### Task directions
Would you transcribe exactly the lines from the one containing "iPhone 15 Pro Max 512GB ? Titânio Azul" to the last line of the data below, both ends included, but none of the pictures?

### Data to process
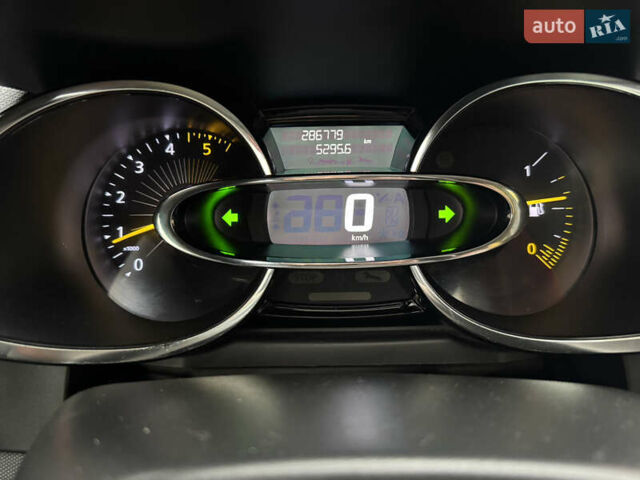 Белый Рено Клио, объемом двигателя 1.5 л и пробегом 286 тыс. км за 7000 $, фото 8 на Automoto.ua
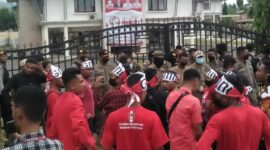 Puluhan Massa Aksi dari GMNI Cabang Ende dihadang barisan dari personil Sat Pol PP Kabupaten Ende di pintu pagar Kantor Bupati Kabupaten Ende (Foto: Chen Rasi/Savanaparadise.com)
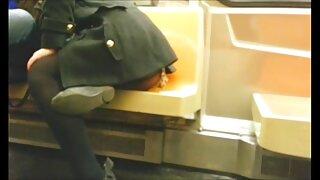 Mlada dekleta so lizala z užitkom in ejakulirala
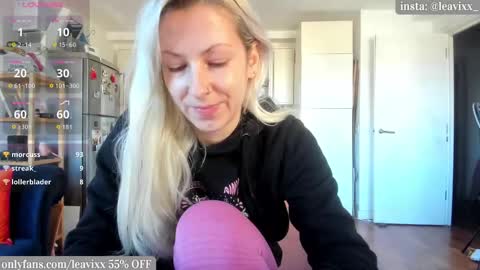 Snapshot of leusee chatting on October 24, 2025, 10:44 am LeaVixx online show from October 24, 2025, 10:44 am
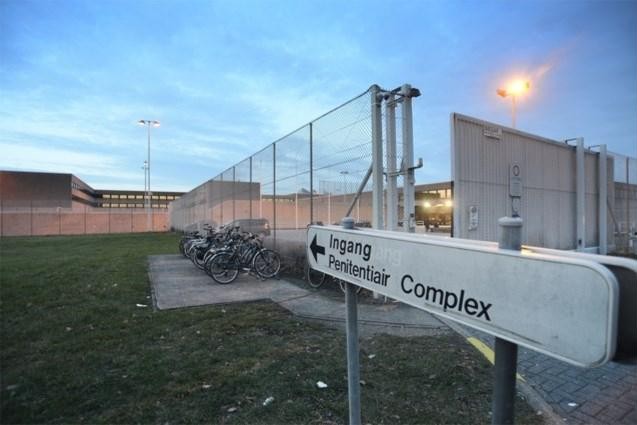 Gedetineerde steekt cipier neer in gevangenis van Brugge: ‘Ernstige agressie’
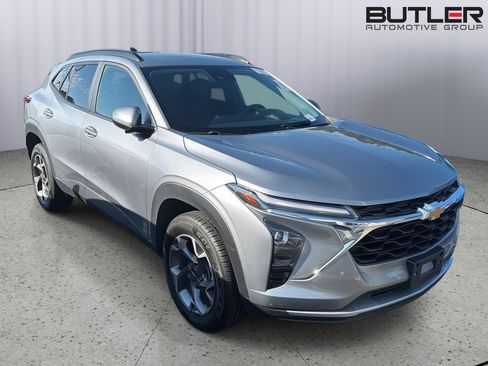 Used 2025 Chevrolet Trax LT FWD image 6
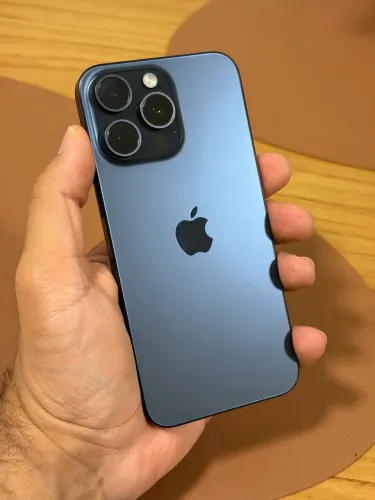 iPhone 15 Pro Max 512GB ? Titânio Azul
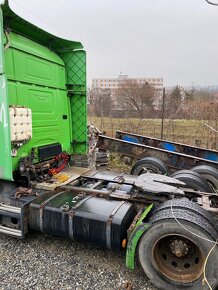 Nákladné Vozidlo - Ťahač návesu - 3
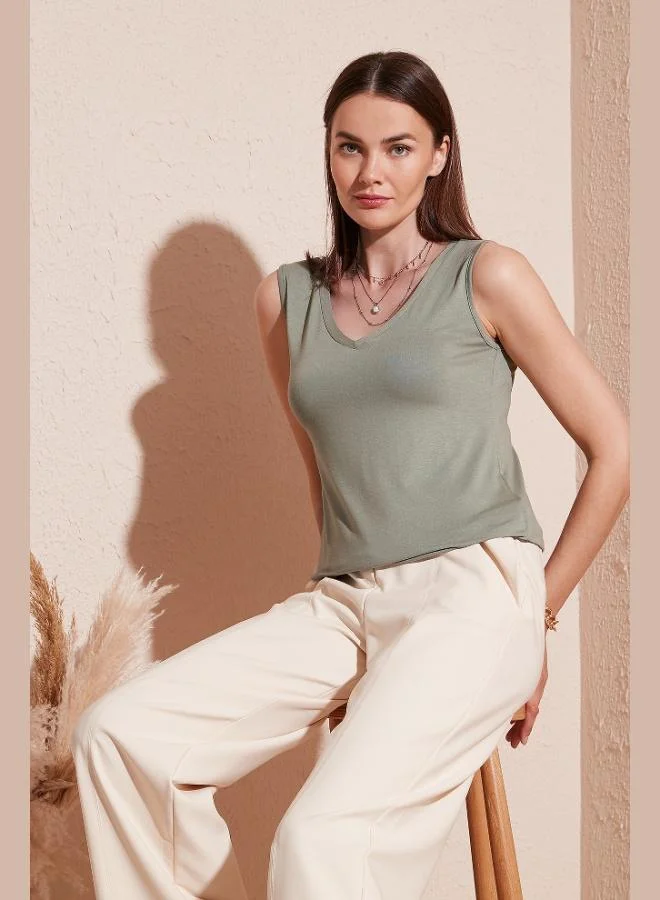 Lela Lela Thick Strapped V-Neck Blouse Women's Blouse 5864384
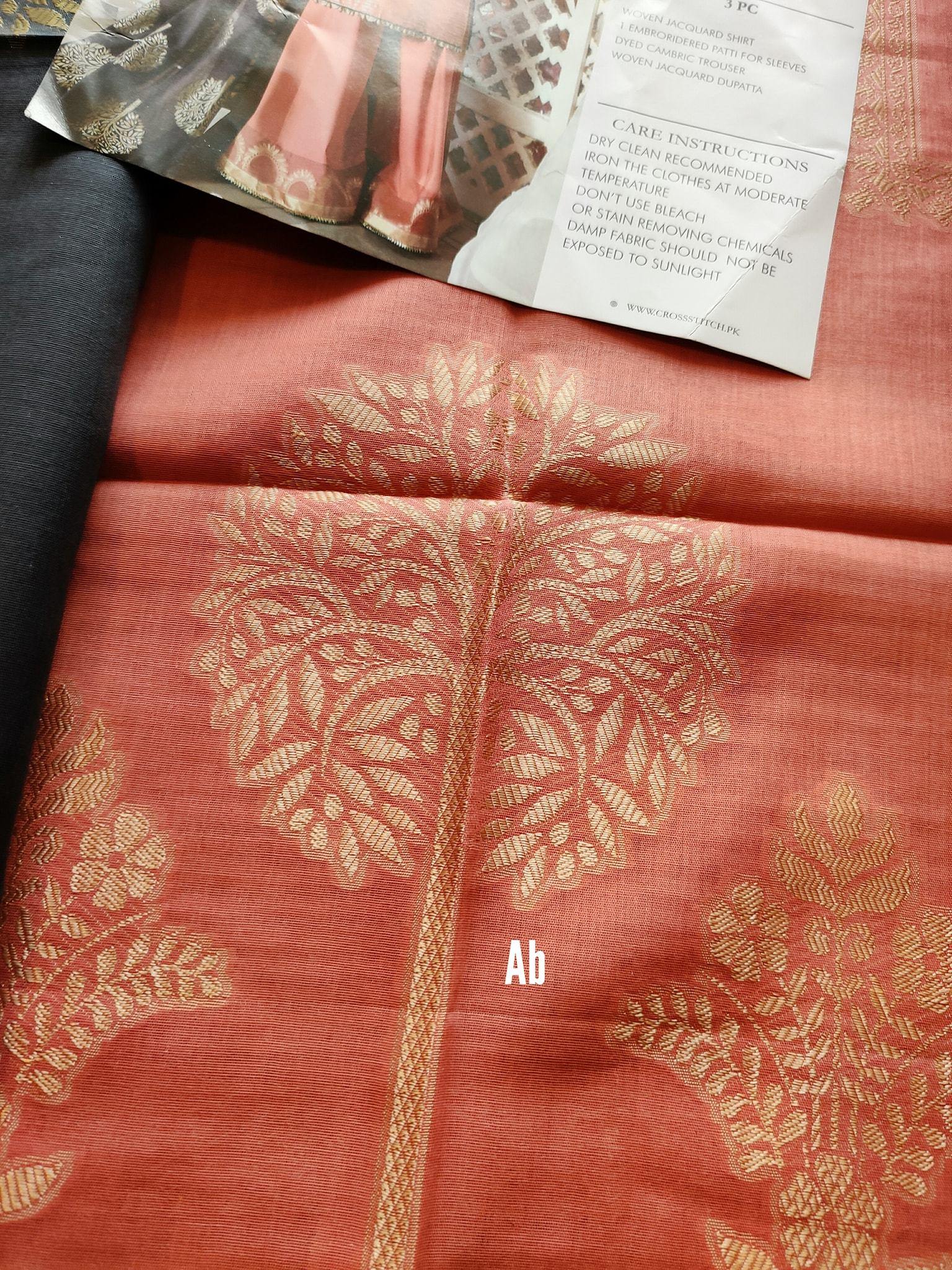 img_cross_stitch_sheesh_mahal_lawn_awwal_boutique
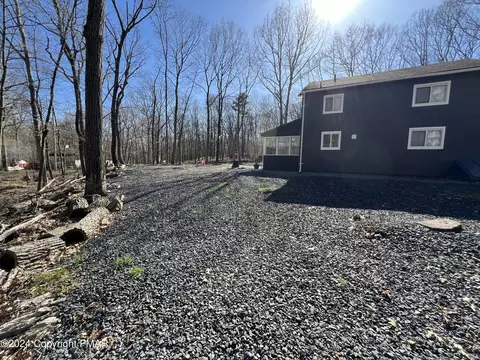 155 Sparrow Loop, Bushkill, PA 18324 photo 5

### Expected answer
 iPhone 15 Pro Max 512GB ? Titânio Azul
 Nákladné Vozidlo - Ťahač návesu - 3
 Lela Lela Thick Strapped V-Neck Blouse Women's Blouse 5864384
 img_cross_stitch_sheesh_mahal_lawn_awwal_boutique
 155 Sparrow Loop, Bushkill, PA 18324 photo 5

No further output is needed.